Source data:
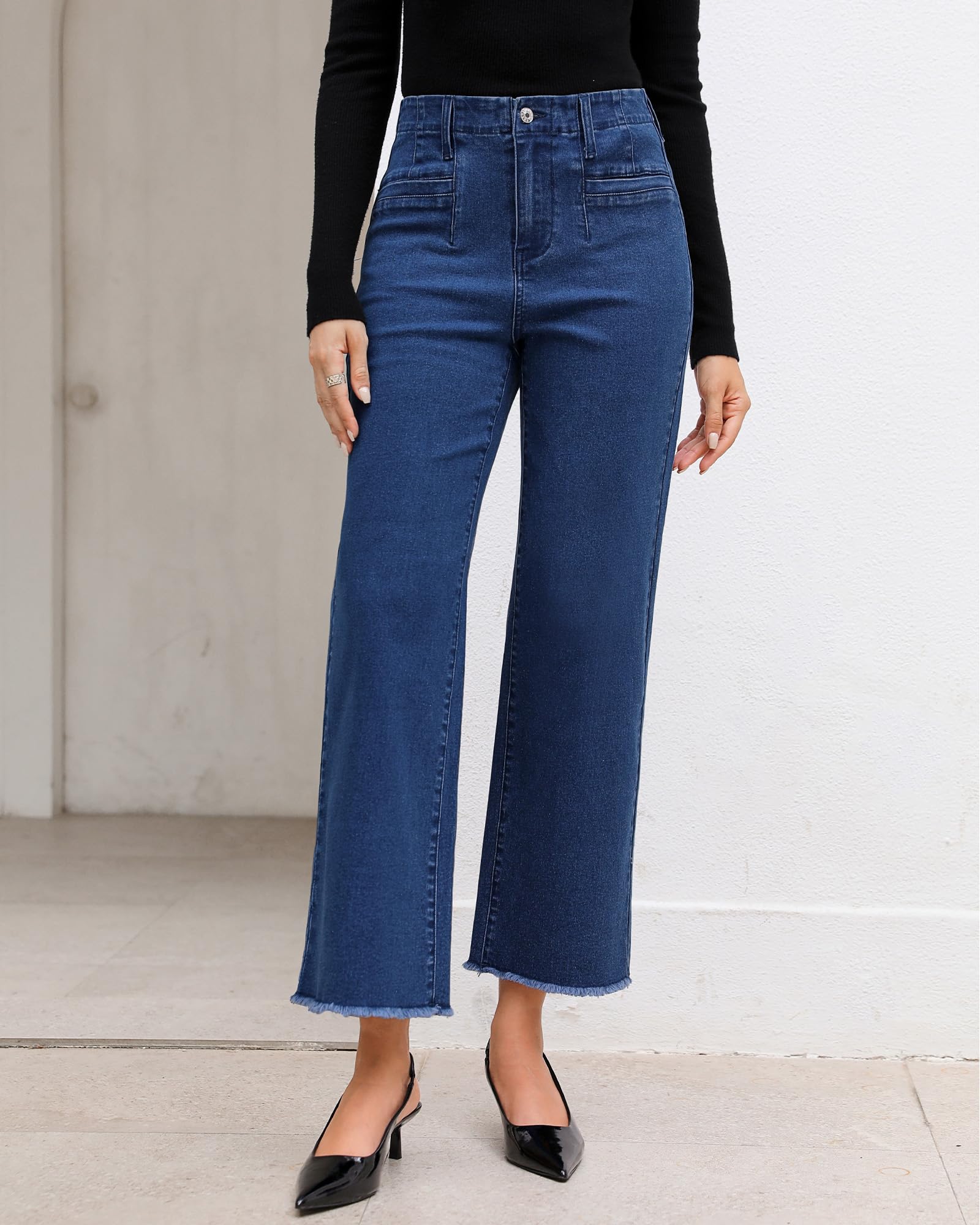 Foto 7 | Vaqueros Grapent Para Mujer, Cintura Alta, Pierna Ancha, Dobladillo Crudo, Azul Oscuro - Venta Internacional.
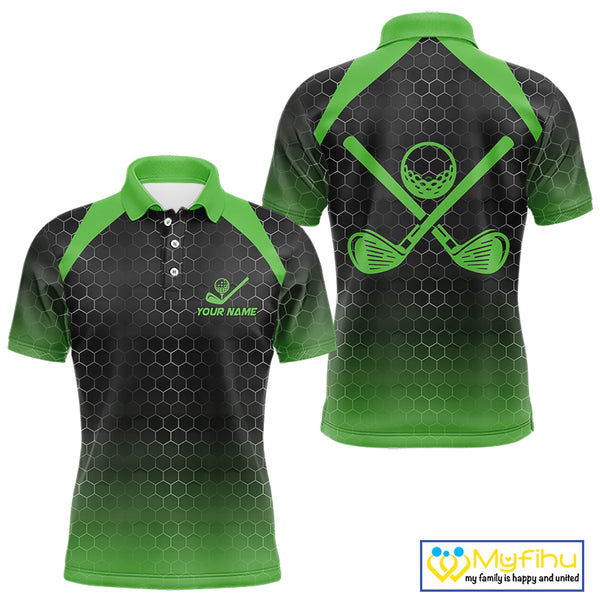 Mens golf polo shirts custom black and green hexagon pattern golf outfits men, cool golf gifts NQS10318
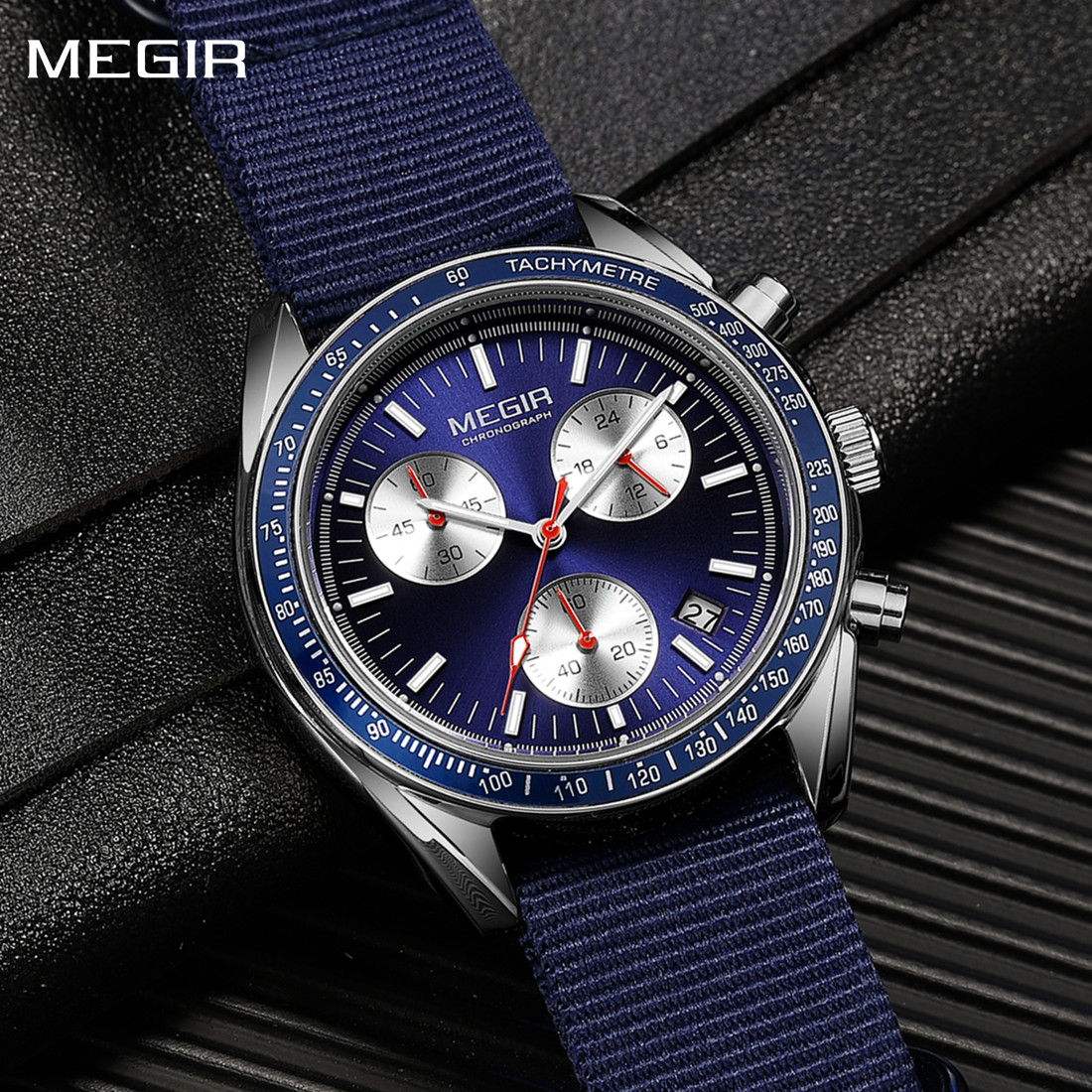 Canvas Strap Watch - MEGIR Chronograaf Canvas Band Mannen Sport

Goal of the exercise:
Leave out the pictures and set down all of the data exactly.

Answer area:
 Foto 7 | Vaqueros Grapent Para Mujer, Cintura Alta, Pierna Ancha, Dobladillo Crudo, Azul Oscuro - Venta Internacional.
 Mens golf polo shirts custom black and green hexagon pattern golf outfits men, cool golf gifts NQS10318
 Canvas Strap Watch - MEGIR Chronograaf Canvas Band Mannen Sport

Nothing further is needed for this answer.